TRY IT:
From the records below, copy every line that contains the word "Building".

DATA FOR ANALYSIS START

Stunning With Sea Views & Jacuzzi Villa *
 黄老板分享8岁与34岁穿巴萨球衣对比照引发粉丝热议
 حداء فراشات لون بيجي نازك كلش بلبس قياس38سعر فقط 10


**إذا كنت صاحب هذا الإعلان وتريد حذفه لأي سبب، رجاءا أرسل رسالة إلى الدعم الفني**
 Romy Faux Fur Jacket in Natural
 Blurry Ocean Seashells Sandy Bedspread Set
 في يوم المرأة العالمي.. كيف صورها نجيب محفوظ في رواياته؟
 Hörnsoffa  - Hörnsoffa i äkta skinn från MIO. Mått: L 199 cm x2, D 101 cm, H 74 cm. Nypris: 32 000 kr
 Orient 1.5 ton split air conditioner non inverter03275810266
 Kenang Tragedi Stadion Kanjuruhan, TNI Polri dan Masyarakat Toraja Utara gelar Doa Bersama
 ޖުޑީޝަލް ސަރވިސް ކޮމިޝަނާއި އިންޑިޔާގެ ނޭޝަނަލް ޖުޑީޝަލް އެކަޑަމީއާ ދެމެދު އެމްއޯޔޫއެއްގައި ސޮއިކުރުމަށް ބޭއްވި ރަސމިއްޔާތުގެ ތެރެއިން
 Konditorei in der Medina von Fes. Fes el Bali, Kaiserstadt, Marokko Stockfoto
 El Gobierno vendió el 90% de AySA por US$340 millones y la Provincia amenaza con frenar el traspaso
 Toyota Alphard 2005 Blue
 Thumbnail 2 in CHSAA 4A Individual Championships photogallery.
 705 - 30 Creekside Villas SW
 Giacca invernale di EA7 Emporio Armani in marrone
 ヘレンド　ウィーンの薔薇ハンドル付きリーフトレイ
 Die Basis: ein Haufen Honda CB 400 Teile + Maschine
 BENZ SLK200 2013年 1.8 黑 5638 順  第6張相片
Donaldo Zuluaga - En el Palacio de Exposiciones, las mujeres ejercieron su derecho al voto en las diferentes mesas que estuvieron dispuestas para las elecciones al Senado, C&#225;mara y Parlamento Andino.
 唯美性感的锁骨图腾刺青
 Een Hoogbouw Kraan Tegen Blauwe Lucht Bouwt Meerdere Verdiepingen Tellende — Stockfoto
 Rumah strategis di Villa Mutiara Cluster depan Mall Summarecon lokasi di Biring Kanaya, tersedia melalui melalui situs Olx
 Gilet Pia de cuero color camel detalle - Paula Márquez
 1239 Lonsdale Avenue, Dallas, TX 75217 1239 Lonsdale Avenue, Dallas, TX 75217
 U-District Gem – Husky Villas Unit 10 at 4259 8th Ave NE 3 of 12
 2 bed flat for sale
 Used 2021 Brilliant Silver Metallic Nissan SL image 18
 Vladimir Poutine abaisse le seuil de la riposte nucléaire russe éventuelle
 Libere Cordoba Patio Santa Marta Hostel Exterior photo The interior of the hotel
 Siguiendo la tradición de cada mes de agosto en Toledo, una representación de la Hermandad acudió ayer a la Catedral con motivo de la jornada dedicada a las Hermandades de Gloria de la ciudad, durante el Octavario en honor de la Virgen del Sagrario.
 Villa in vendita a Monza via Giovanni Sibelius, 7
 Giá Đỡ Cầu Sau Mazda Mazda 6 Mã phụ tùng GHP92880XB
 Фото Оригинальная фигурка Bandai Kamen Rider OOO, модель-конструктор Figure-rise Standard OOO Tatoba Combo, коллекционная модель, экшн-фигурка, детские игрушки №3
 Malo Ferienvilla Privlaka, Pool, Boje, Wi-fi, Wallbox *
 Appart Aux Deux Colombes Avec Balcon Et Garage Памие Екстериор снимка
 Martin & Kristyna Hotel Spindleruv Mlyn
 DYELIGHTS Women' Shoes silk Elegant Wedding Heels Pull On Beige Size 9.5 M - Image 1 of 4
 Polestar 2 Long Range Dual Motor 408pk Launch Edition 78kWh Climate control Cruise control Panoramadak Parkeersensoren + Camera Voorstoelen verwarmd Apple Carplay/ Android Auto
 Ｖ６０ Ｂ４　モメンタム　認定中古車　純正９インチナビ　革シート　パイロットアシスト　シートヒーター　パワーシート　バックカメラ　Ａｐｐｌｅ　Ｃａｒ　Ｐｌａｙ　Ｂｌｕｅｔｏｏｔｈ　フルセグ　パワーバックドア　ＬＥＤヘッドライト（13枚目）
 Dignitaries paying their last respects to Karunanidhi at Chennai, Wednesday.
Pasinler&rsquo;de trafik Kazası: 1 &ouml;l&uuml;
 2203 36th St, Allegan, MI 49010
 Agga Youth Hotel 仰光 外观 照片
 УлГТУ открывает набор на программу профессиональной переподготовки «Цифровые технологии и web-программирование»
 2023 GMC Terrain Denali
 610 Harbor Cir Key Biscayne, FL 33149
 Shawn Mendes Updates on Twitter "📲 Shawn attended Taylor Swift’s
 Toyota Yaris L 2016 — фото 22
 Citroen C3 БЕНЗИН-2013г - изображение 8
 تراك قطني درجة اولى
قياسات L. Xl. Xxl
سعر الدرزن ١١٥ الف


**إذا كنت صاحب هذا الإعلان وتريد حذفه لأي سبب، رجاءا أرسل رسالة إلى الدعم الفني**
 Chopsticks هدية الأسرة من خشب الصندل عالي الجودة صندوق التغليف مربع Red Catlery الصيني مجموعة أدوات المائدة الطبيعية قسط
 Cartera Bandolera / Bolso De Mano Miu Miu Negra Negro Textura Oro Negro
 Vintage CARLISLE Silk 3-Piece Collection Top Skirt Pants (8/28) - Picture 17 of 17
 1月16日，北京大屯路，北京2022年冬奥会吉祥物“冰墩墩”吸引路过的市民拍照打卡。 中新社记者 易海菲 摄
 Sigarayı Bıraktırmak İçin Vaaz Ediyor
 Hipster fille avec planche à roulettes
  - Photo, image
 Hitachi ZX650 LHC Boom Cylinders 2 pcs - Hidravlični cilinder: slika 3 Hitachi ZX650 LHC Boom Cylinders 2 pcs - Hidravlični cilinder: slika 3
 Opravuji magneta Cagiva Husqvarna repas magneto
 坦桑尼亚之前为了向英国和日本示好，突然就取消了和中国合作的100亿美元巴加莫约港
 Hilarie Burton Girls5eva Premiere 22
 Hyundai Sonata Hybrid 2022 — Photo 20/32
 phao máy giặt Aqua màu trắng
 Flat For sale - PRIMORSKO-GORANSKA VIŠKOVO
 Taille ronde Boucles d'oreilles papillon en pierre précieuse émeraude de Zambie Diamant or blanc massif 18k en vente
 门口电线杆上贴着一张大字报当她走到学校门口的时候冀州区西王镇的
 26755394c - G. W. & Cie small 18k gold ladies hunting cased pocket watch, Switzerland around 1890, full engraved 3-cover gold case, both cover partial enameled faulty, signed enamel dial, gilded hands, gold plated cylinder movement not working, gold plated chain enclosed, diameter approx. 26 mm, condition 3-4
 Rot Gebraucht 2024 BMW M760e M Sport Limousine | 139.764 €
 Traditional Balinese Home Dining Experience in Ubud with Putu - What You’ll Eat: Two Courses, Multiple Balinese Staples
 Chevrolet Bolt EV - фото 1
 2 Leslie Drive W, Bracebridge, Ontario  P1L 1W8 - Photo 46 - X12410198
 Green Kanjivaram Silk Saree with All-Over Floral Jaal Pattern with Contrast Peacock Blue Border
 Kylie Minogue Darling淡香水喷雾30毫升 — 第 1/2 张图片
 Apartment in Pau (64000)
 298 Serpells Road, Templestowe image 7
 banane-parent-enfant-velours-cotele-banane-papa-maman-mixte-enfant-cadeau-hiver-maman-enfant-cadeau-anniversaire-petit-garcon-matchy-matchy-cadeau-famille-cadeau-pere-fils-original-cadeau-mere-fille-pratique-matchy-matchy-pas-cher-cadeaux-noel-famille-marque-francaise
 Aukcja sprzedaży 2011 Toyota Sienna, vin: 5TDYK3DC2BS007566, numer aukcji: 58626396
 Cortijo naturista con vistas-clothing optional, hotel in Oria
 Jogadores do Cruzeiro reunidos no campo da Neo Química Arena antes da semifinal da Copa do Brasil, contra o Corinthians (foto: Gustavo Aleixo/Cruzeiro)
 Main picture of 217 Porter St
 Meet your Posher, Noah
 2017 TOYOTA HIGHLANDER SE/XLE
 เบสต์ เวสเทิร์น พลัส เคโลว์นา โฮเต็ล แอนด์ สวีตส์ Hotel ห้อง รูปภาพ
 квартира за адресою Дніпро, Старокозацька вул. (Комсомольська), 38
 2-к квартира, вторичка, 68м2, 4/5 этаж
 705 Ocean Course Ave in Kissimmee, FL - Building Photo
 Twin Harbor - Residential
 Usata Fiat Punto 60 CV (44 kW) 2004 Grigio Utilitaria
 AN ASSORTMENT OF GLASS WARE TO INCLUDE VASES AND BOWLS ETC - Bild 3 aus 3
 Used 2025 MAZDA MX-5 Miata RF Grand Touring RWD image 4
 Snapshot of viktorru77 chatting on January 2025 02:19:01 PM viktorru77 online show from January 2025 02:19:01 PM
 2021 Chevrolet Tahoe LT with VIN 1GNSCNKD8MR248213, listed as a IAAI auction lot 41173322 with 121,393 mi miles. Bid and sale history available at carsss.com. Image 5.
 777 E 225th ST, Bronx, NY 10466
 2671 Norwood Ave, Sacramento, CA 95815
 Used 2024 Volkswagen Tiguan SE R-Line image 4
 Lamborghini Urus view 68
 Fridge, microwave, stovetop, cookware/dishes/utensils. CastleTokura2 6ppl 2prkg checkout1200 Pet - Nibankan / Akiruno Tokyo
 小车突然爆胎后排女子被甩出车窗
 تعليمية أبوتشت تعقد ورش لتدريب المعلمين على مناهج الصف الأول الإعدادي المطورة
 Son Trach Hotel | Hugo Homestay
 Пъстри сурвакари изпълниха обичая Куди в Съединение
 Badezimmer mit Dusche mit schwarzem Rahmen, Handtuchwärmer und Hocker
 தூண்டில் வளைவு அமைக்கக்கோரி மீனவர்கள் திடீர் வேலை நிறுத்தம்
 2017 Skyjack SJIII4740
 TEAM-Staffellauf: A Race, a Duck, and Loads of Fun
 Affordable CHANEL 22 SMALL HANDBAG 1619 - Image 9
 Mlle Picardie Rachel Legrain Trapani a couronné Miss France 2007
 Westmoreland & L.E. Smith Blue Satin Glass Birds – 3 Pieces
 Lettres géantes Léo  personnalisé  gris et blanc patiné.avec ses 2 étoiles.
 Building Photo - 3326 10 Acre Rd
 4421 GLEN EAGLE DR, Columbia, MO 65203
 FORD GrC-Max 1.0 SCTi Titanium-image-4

DATA FOR ANALYSIS END

RESPONSE:
 705 Ocean Course Ave in Kissimmee, FL - Building Photo
 Building Photo - 3326 10 Acre Rd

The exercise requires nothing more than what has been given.